Given material:

====================

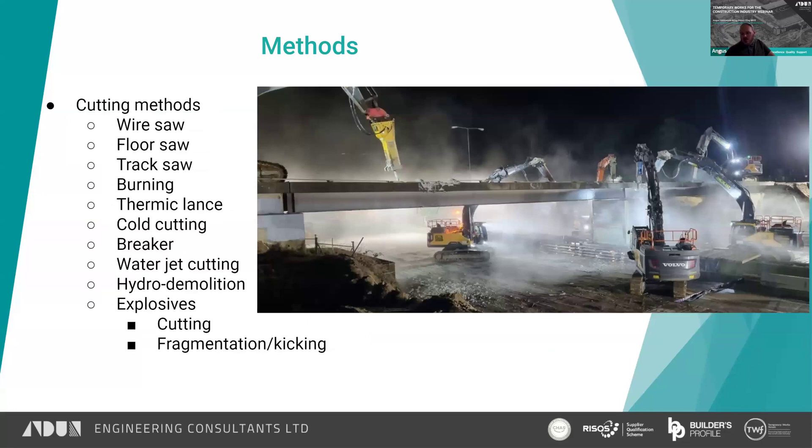Breakers — that's a hydraulic breaker you can see there. The tip of the breaker is forced into the concrete at high pressure and that fractures the concrete and the reinforcement.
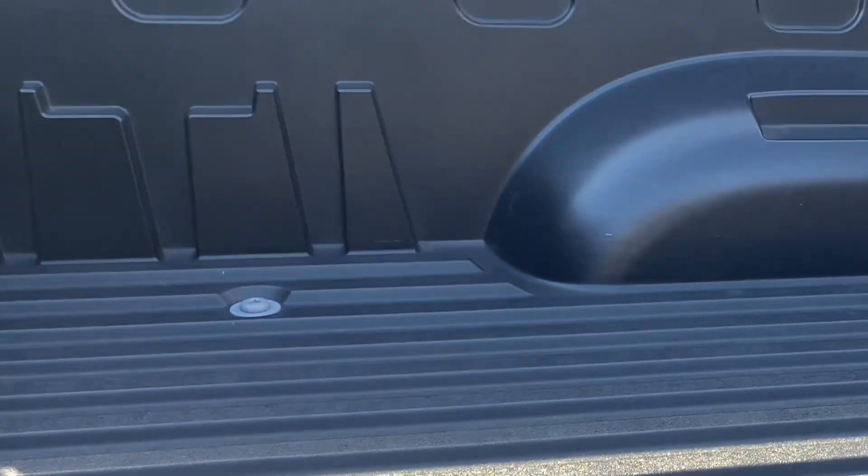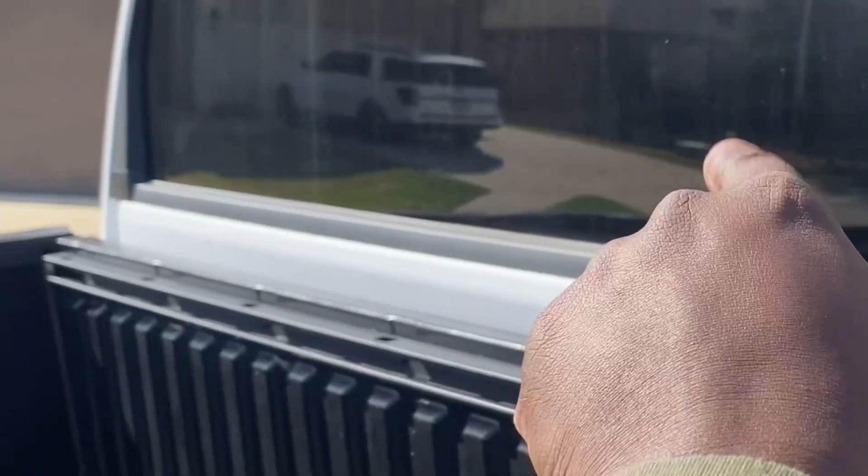Got the covered bed. And this rear window — the whole window comes down.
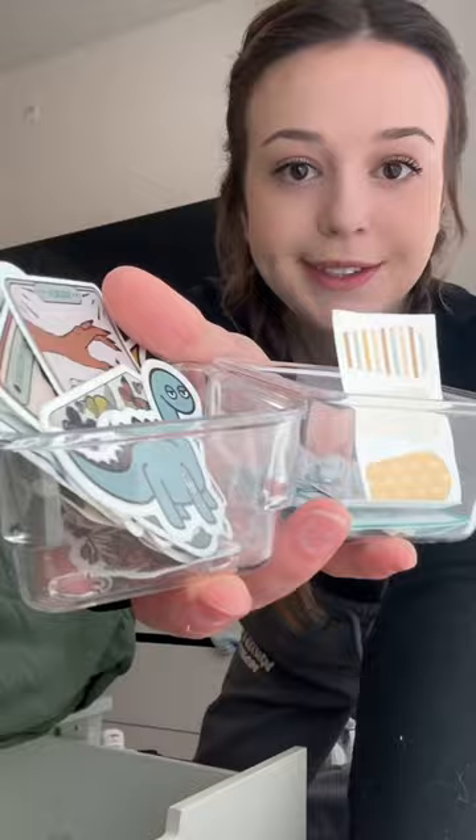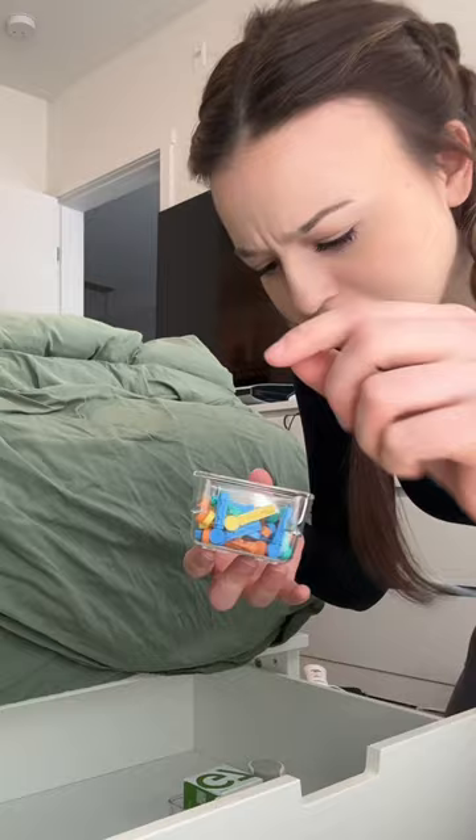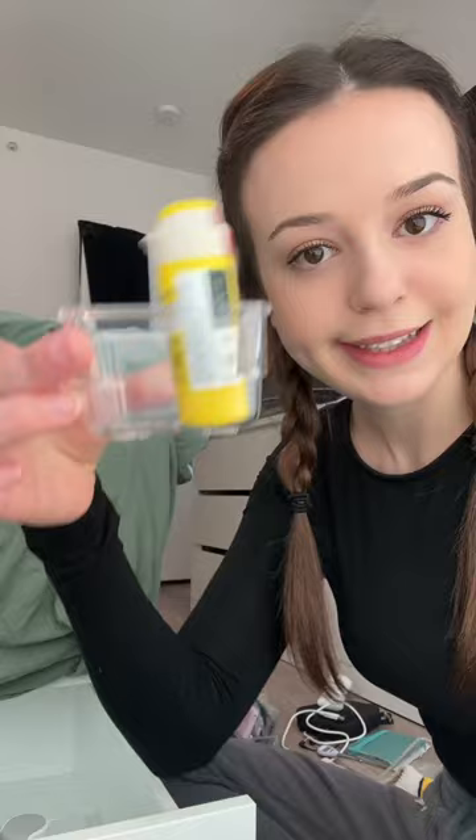I'm also gonna use this container. My last bottle of test strips. Regisole and Skintac stickers, which I have something on the way - so get excited. Needles for my injections. I just saw one without the cap on, so we're gonna get rid of that one. My glucagon in this little thing. Backup testing kits that I actually end up using a lot.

====================

Exercise details:
All of the material above should be written out exactly as given, minus any images.

Output:
Breakers — that's a hydraulic breaker you can see there. The tip of the breaker is forced into the concrete at high pressure and that fractures the concrete and the reinforcement.
Got the covered bed. And this rear window — the whole window comes down.
I'm also gonna use this container. My last bottle of test strips. Regisole and Skintac stickers, which I have something on the way - so get excited. Needles for my injections. I just saw one without the cap on, so we're gonna get rid of that one. My glucagon in this little thing. Backup testing kits that I actually end up using a lot.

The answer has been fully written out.